Ce qui se joue ici n’est pas seulement une bataille contre un opérateur illégal. C’est un combat pour la souveraineté économique, pour la crédibilité de l’Etat, et pour la protection des citoyens. Laisser faire, c’est envoyer un signal dangereux : celui que le Maroc est un territoire où les puissances numériques illégales peuvent prospérer sans résistance.

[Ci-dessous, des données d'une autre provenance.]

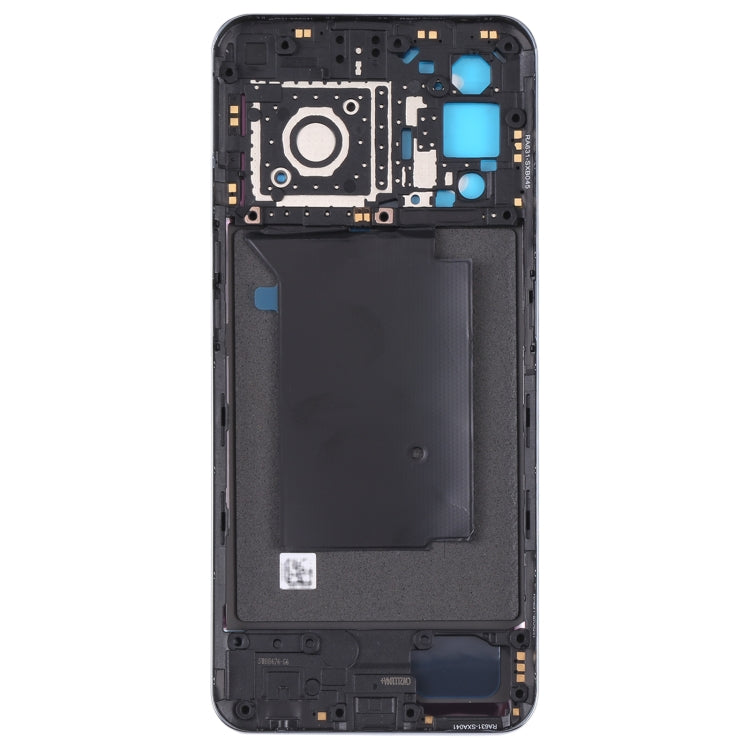 For OPPO Realme Q3 Pro 5G / Realme Q3 Pro Carnival Original Battery Back Cover + Middle Frame (Yellow) - free shipping - PMC TechLife - Order now!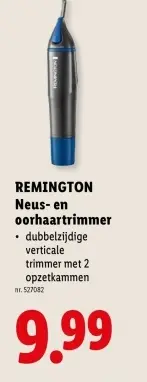 Promotie: Neus- en oorhaartrimmer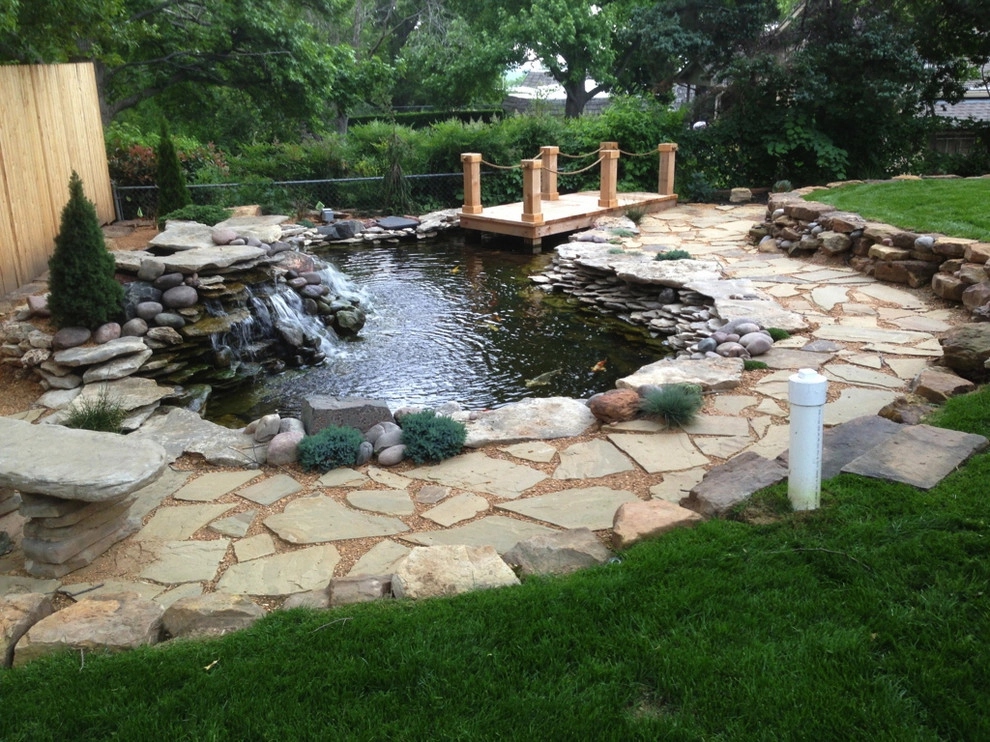 Custom Waterfall Features by Anderson Pond Design - Photo 14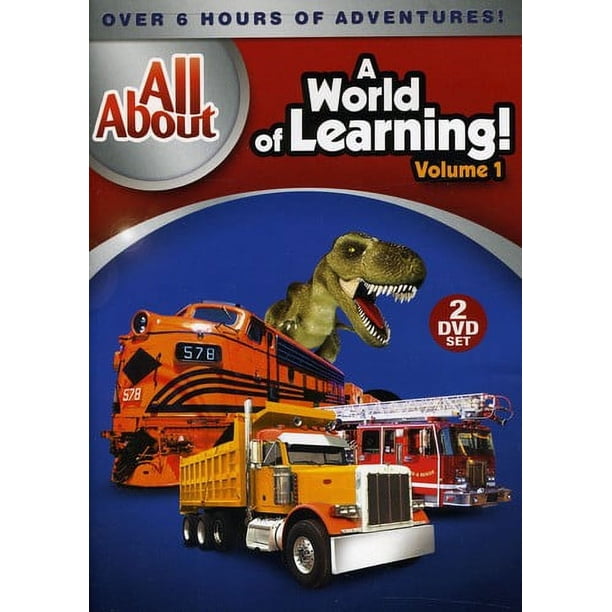 All About: A World of Learning! Volume 1 (DVD) - Walmart Business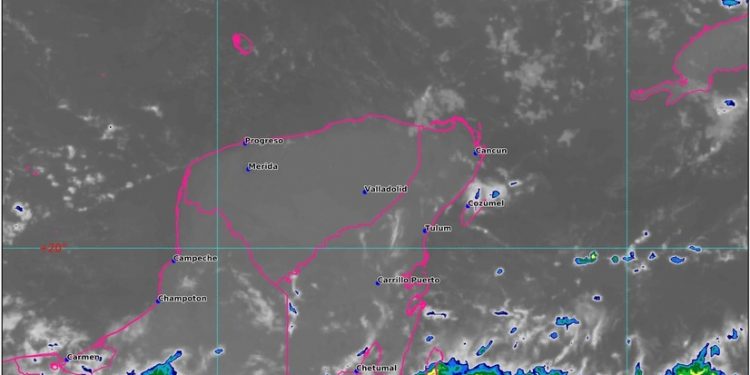 VIGILAN DOS ONDAS DE BAJA PRESIÓN QUE PUEDEN EVOLUCIONAR A HURACÁN
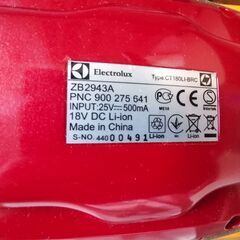 断捨離中です。掃除機が複数あるので1つ差し上げます。の画像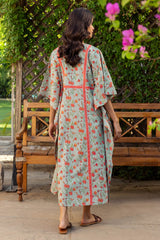 Agate Floral Kaftan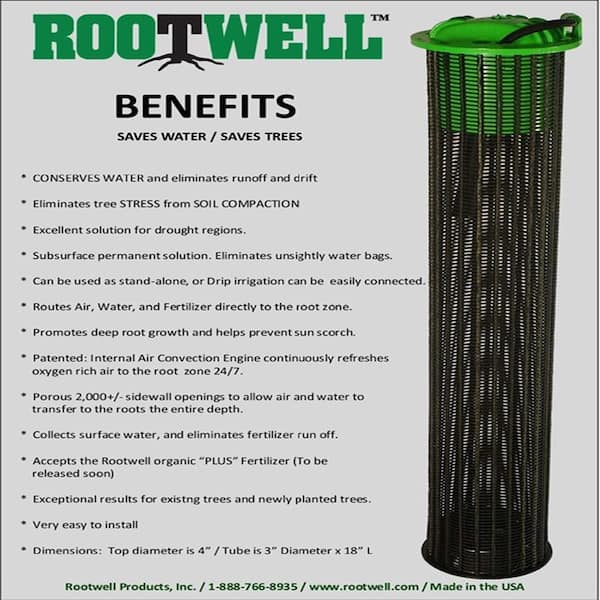 ROOTWELL PRODUCTS INC - Rootwell Pro-318 Tree Pak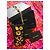 Dolce & Gabbana iPhone case adorned with flowers and black crystals - view 12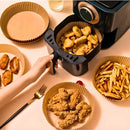 Forma de Papel Antiaderente Para Airfryer – 50 unidades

Ce combat ne peut pas être gagné avec des demi-mesures. Il exige un arsenal législatif moderne, une coopération entre les instances financières, les services de renseignement et les autorités judiciaires. Il exige aussi une volonté politique claire : celle de ne plus tolérer qu’un pays tout entier devienne un terrain de jeu pour mafias numériques.

La question du Groupe socialiste n’est pas une simple formalité parlementaire. C’est un acte politique fort qui expose un scandale économique de grande ampleur. Le Maroc ne peut plus se permettre de fermer les yeux. Il est temps de nommer les choses, de tracer les lignes rouges, et de reprendre le contrôle de ce qui nous échappe. Car si rien n’est fait, ce ne sont pas seulement l’équivalent de milliards de dirhams en devise qui continueront de s’évaporer dans l’ombre. A terme, c’est la crédibilité même des autorités marocaines qui sera mise en jeu.